Apple takes careful steps to protect your location data, requiring apps to ask for permission to access it, and allowing you to decide whether to permit foreground or background access – as well as displaying which apps have recently accessed your location.

But these protections are of limited value if carriers sell your location to third-party companies, which both legal experts and a senator say is the case today …











The WSJ says that carriers – who can calculate your approximate position from cell tower data, without requiring access to your phone’s GPS – are sharing location data without checking that users or courts have authorized it. Instead, they take the word of dozens of third-party companies who are given the data without checking the claimed permissions.

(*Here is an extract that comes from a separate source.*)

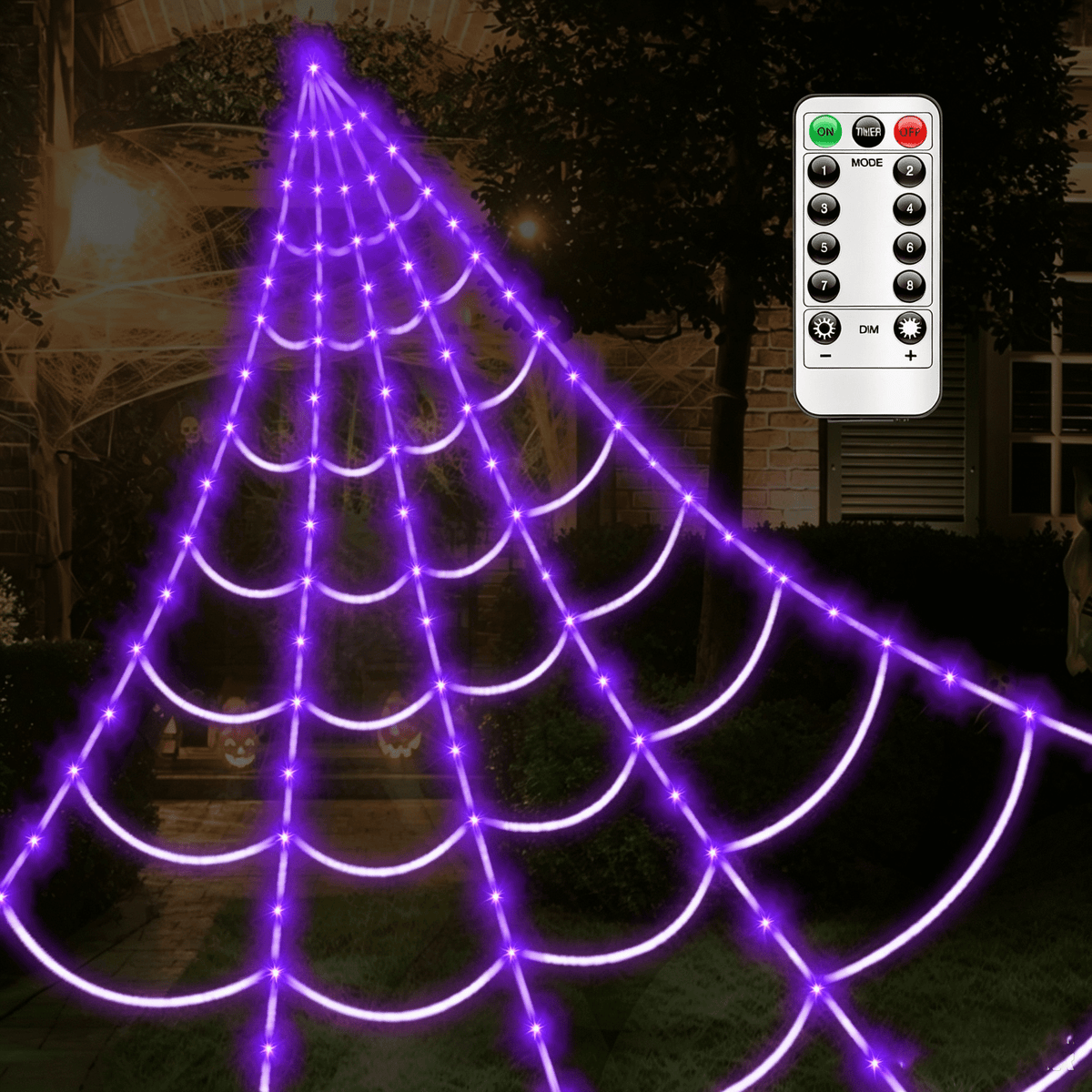 Halloween Decorations Spider Web Lights,4FT Diameter 70 LED with Black Spider, Waterproof Net Lights, Remote Control, 8 Modes Cobweb Halloween Decorations for House Garden Indoor Outdoor (Purple)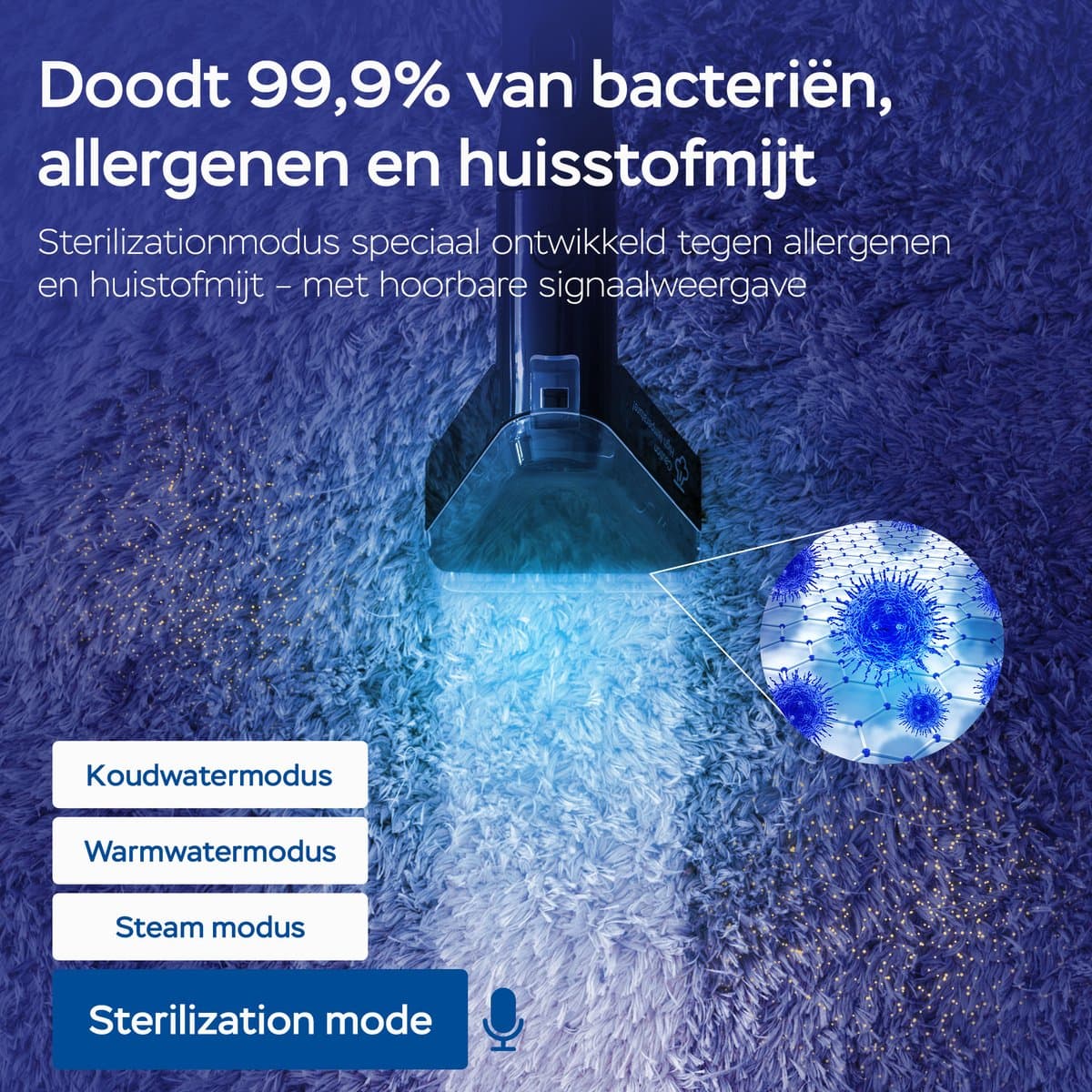 Qclean Tapijtreiniger PRO 4-in-1 met stoom & sterilisatie thumbnail 2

Carriers such as AT&T. and T-Mobile rely on those firms to vouch that they obtained users’ consent before handing over the data. The companies that pay to access this information use it for everything from preventing credit-card fraud to providing roadside assistance.

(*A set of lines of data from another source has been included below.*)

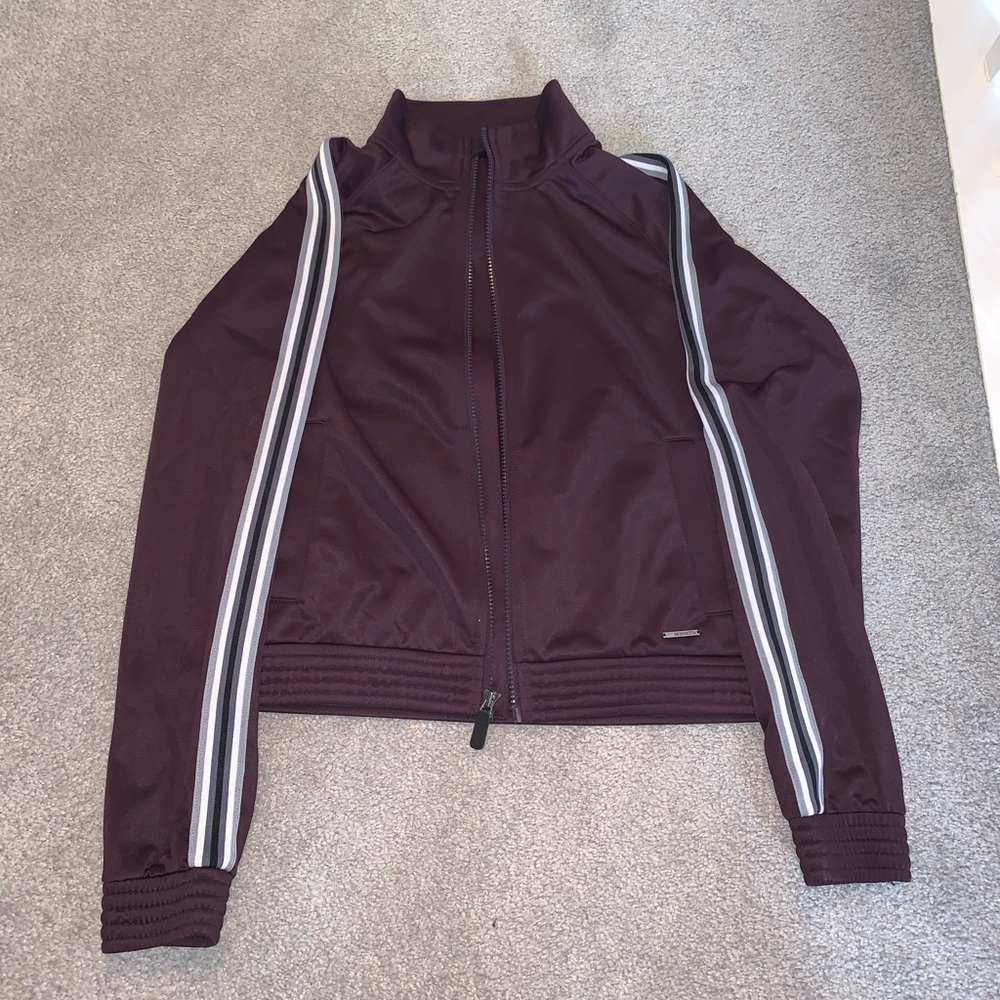 Polyester striped sweat jacket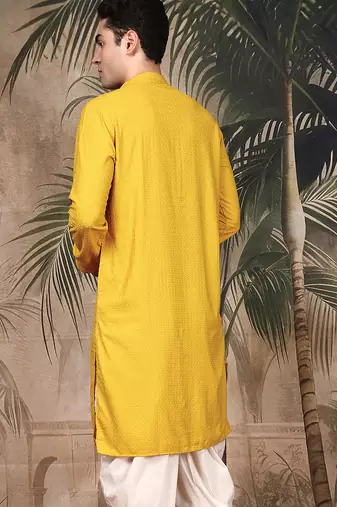 Mustard silk blend thread work kurta for men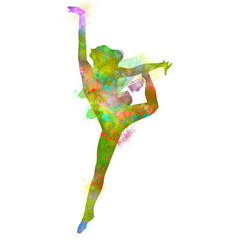 Watercolor Dancer drawing, silhouette of a dancing person, Watercolor dancing, Hiphop, Classical, Dancer Illustration, PNG, Transparent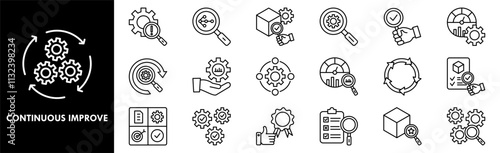 Continuous Improvement icon collection set. Containing design improvement, continuous, process, business, management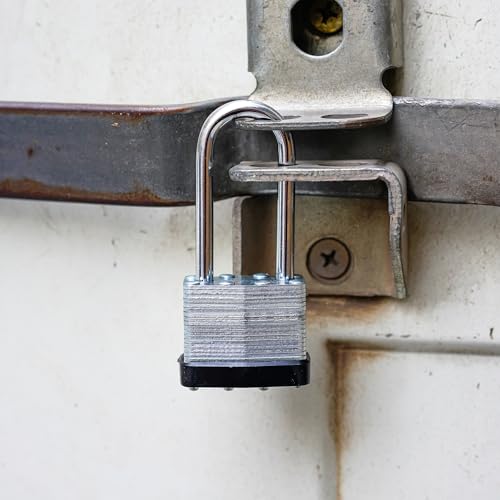 6 Keyed Alike Padlocks with 12 Keys, 40mm Heavy-Duty Padlocks with Same Keys Long Shackle Durable Hardened Steel for Gate Fence Toolbox School Gym(1.7 * 3.7inch)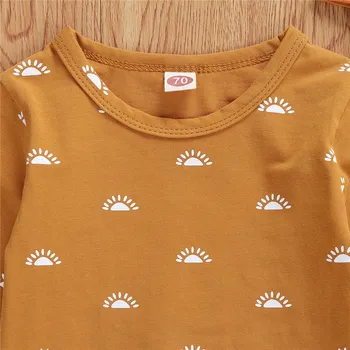 Modes Rudenī Bērnu Meitene Zēnu Drēbes Uzvalku Saule Apdrukāta Kokvilnas Apģērbu Komplekts Baby Toddler Gadījuma T-krekls Topi, Bikses 2Pcs Set 0-24M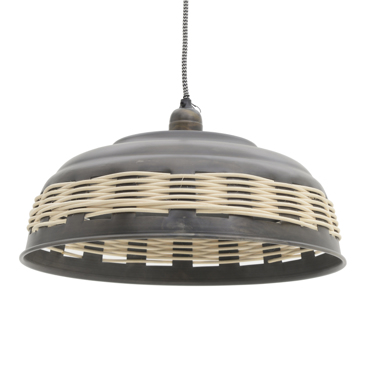 Inart Φωτιστικό Οροφής Μεταλλικό Ξύλινο Μαύρο Εκρού E27 38X38X20 3-10-042-0002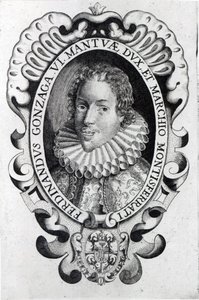 Ferdinando Gonzaga, hertug af Mantua (gravering) (bw foto) af Italian School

The security failure came to light after one of those companies, Securus, allowed law-enforcement agencies to track locations of suspects without making any attempt to verify claimed court orders. Law professor Blake Reid said that all they checked was that a document had been uploaded.

Securus’ web portal let law-enforcement officials pull data by uploading an official document, though the system didn’t verify whether the document was actually authorization from a court or prosecutor. The file “could be a warrant, could be your grandma’s cookie recipe,” he said. “There’s no consent there.”

Another law expert said that ‘this is just the tip of the iceberg’ when it comes to this type of privacy breach. Stanford University law professor Al Gidari agreed, stating that the FCC failed to consider location data when drawing up privacy regulations imposed on carriers.

That was a green light for telecommunications carriers to monetize customer location data.

Senator Ron Wyden (D, Oregon) said that Verizon had admitted that customer location data was shared with around 75 companies.

Sen. Wyden said in a statement that “middlemen are selling Americans’ location to the highest bidder without their consent, or making it available on insecure web portals.”

The FCC says that it is investigating.